**TASK DESCRIPTION:**
Within the entries below, the lines from the one with "Maplewood Heights Logo" through the one with "200 bin kişiye" are to be set down exactly, both ends kept.

**Caption-style text data:**
▼

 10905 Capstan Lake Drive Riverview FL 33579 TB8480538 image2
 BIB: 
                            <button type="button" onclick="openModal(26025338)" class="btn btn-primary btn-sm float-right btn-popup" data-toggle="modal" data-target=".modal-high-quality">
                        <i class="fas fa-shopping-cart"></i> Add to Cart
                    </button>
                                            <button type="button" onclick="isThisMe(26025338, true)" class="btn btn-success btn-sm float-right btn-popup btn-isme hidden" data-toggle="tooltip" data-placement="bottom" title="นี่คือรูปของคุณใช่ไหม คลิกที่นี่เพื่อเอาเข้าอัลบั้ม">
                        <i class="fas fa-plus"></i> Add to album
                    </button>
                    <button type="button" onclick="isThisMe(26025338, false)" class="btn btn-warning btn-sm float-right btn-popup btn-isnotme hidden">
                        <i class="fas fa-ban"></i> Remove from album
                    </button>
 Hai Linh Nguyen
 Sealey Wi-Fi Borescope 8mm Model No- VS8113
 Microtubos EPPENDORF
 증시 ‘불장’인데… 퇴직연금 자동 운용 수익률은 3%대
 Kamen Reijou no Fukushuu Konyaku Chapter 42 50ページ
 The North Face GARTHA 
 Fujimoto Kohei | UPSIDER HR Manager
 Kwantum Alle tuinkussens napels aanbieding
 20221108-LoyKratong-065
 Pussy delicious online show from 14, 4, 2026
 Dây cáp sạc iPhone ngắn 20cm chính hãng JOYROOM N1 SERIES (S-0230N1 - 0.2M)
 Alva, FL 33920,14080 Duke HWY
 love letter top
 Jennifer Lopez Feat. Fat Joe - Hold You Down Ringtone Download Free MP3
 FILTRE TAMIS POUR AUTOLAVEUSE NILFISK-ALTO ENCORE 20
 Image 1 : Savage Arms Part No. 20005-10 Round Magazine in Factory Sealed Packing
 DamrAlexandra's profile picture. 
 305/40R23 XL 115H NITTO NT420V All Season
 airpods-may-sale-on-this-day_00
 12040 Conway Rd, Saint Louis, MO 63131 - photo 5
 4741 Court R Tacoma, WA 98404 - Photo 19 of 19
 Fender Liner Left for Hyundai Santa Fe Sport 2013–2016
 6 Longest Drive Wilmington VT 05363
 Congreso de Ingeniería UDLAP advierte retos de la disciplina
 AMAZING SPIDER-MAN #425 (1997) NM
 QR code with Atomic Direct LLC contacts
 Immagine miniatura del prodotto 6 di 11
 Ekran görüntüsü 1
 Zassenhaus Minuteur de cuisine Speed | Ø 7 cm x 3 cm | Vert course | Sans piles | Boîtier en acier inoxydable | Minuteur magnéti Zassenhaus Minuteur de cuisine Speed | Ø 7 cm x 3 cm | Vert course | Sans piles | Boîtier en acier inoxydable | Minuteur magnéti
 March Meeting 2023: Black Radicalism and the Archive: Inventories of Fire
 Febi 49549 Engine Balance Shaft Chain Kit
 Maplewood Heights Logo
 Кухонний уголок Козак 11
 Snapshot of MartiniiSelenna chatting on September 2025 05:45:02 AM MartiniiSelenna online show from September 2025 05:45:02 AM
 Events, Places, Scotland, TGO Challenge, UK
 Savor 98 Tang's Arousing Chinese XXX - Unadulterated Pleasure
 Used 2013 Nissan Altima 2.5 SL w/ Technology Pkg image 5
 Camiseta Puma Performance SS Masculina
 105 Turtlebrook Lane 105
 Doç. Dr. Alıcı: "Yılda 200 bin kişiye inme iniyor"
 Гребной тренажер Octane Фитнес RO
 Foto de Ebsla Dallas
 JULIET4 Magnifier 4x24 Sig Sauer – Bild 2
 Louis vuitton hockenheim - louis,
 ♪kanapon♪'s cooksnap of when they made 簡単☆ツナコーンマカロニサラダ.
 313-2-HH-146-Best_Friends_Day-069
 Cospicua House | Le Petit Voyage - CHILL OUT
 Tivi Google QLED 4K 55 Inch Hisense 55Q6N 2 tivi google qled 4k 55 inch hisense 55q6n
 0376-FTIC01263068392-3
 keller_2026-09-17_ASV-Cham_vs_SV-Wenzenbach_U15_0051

▲

**ANSWER TO THE EXERCISE:**
 Maplewood Heights Logo
 Кухонний уголок Козак 11
 Snapshot of MartiniiSelenna chatting on September 2025 05:45:02 AM MartiniiSelenna online show from September 2025 05:45:02 AM
 Events, Places, Scotland, TGO Challenge, UK
 Savor 98 Tang's Arousing Chinese XXX - Unadulterated Pleasure
 Used 2013 Nissan Altima 2.5 SL w/ Technology Pkg image 5
 Camiseta Puma Performance SS Masculina
 105 Turtlebrook Lane 105
 Doç. Dr. Alıcı: "Yılda 200 bin kişiye inme iniyor"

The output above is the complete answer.